Survey reveals gap between risk concerns and insurance cover


UK risk managers are struggling to purchase cover for some of their biggest exposure concerns, a survey of Airmic members has revealed. The results suggest that the insurance market is not keeping up with demand for solutions in emerging areas.

For example, the survey revealed that reputational risk is the number one worry for risk managers, and yet of those that flagged it as a concern, the vast majority (93%) do not buy cover, with lack of availability or inadequate cover given as the main reasons. Cyber risk features twice in the top-six concerns, and yet approximately two-thirds of UK risk managers said they are unable to buy insurance for the risks of loss or theft of personal data and business interruption, largely because of inadequate cover and high costs.

The only risks in the top six with substantial insurance availability were catastrophe events and public liability.

The survey of Airmic members – who buy approximately £5bn of insurance a year – was conducted in May and provides a comprehensive snapshot of the views and concerns of risk managers on key insurance and risk-related topics.

Given these findings, it is perhaps no surprise that lack of innovation once again topped the list of concerns about the insurance market, with 60% marking it in their top three. Broker conflicts of interest was also a significant worry (41%) along with multinational insurance programme compliance (31%).
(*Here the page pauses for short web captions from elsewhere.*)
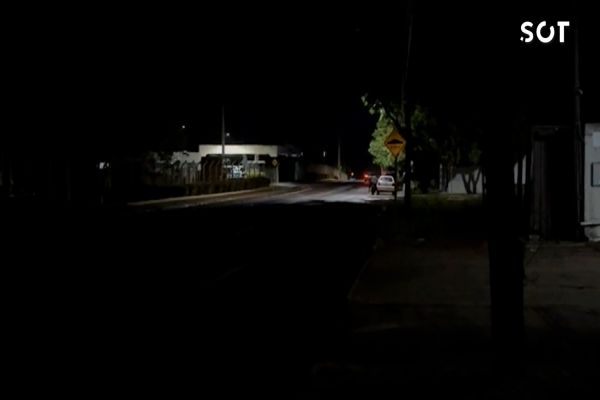 Escuridão toma conta da Rua da Lapa e aumenta o medo dos moradores do Jardim Maria Luiza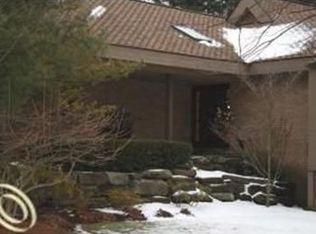 1137 E Wickford, Bloomfield Hills, MI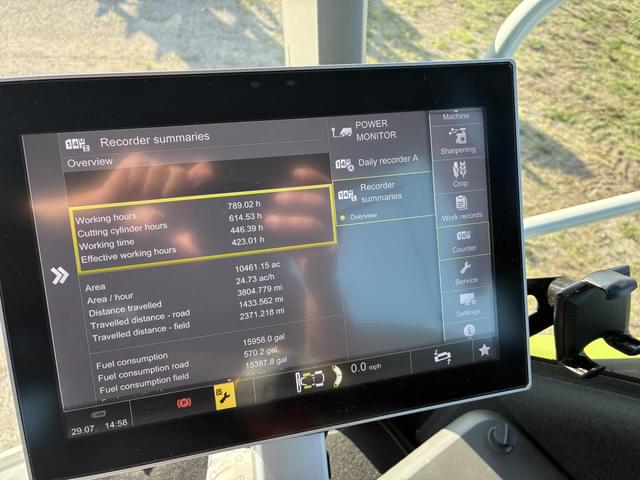 Image of CLAAS Jaguar 990 equipment image 2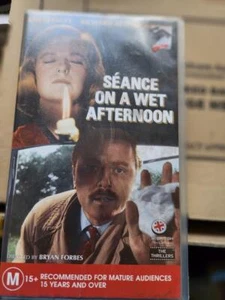 VHS Tape Seance on a wet afternoon Ex Rental USED - Picture 1 of 3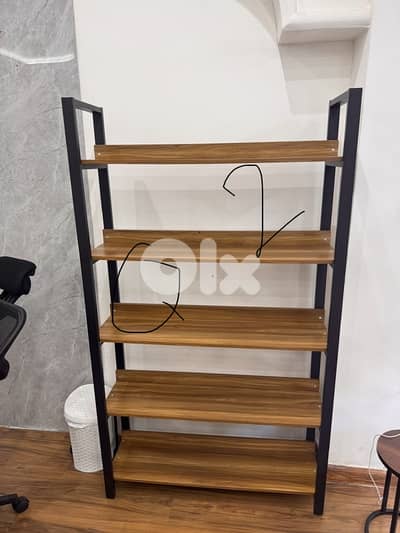 مكتب ١ وستندات ٤ للمنزل او للعرض مع طاولين وخزانة بيضاء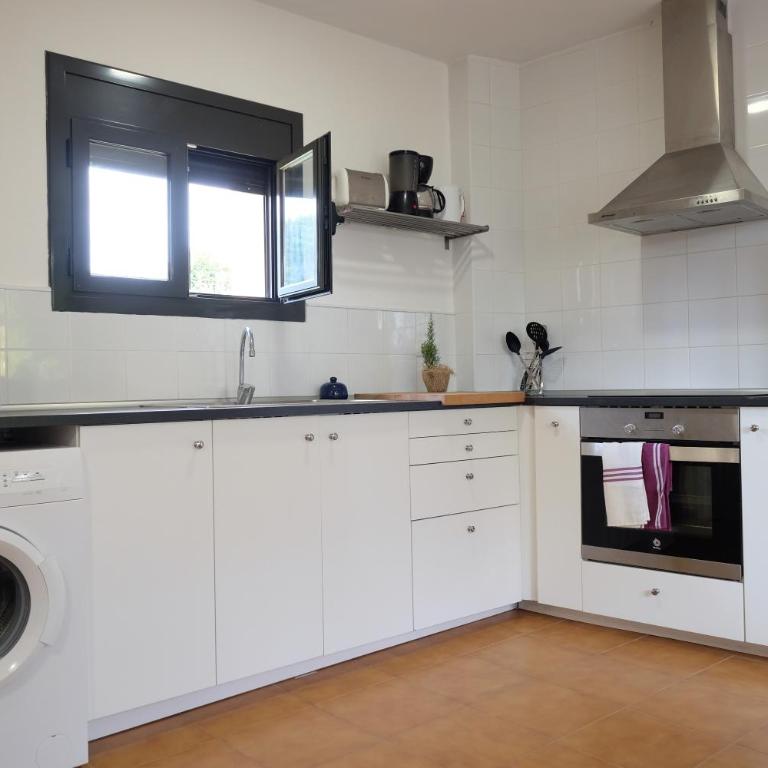 TURISMe RURAL EMPORDA - Four-Bedroom House - 4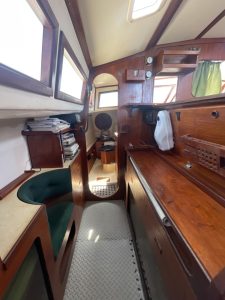 salon, Prout 37 Snowgoose, catamaran for sale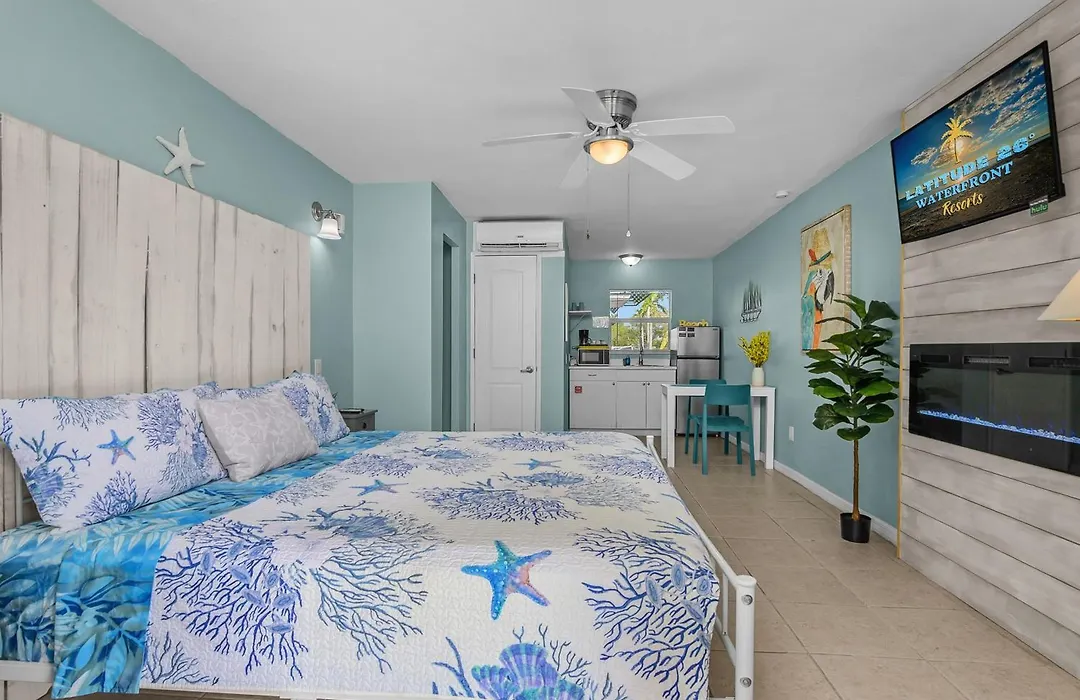 Latitude 26 Waterfront Boutique Resort - Bonita Springs-1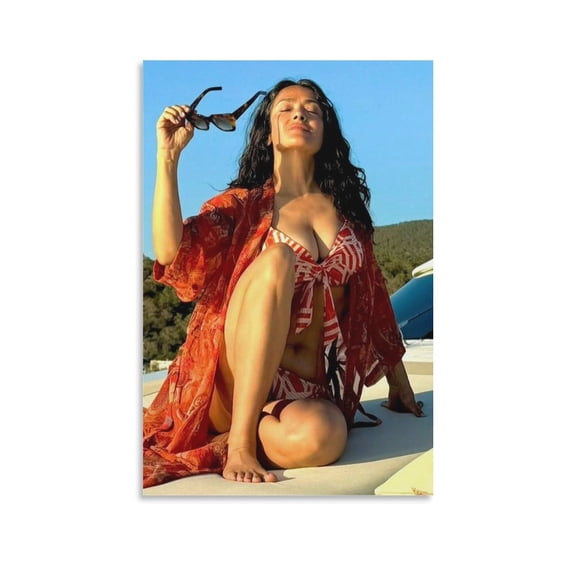 Salma Hayek Hot Girl Sexy Poster (41) Picture Print Canvas Poster Wall Paint Art Posters Decor Modern Home Artworks Gift 24x36inch(60x90cm)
Top risk concerns 2015% don’t buy insurance

1. Reputational risk exposures


2. Catastrophe events, including natural catastrophes


3. Public liability risks


4. Contract risks and exposures


5. Cyber risks resulting in loss or theft of personal data


6. Cyber risks causing business interruption


Almost one-quarter of members were concerned about a rise in claims challenges. These fears were justified given an increase in the proportion of members reporting having had a claim challenged, reduced, delayed or declined in the past three years – up from 29% in 2014 to 34% this year. The top three reasons given were: late notification; basis clauses / conditions precedent; and being unable to obtain information requested by insurers.

The survey painted an encouraging picture of the standards of risk governance within businesses, with the 97% of respondents agreeing that their board assumes “ultimate responsibility for risk”. Similarly, over two-thirds of risk managers believe that risk management has become more important in their business over the past five years. Only 3% believe it has declined in importance.

There is more work to be done, however. In particular, the survey highlights that breaking risk management out of its traditional silo is one of the biggest challenges. 42% of risk managers believe that risk culture is not embedded in their organisation, and 36% reported that risk management and risk education are not integrated into the wider business.

The results also suggest that businesses may be complacent about complying with the Insurance Act 2015 and revised UK Corporate Governance Code – two of the most important legal and regulatory developments of past years. More than a quarter of risk managers have done nothing to prepare for the Insurance Act, due to come into force next year. Meanwhile, more than half believe their company is not yet compliant with the updated corporate governance guidelines.

John Hurrell, Airmic chief executive, commented: “These results show that it’s more important than ever that insurers, risk managers and brokers work together to find risk transfer options fit for 21st century businesses. Creating relevant products is no easy task but will benefit everyone in the market – underwriters, brokers and policyholders alike.”

He added: “We are, however, delighted to see that risk management is growing in status and that the vital work of risk professionals is being recognised. This is good for the profession but also good for business.”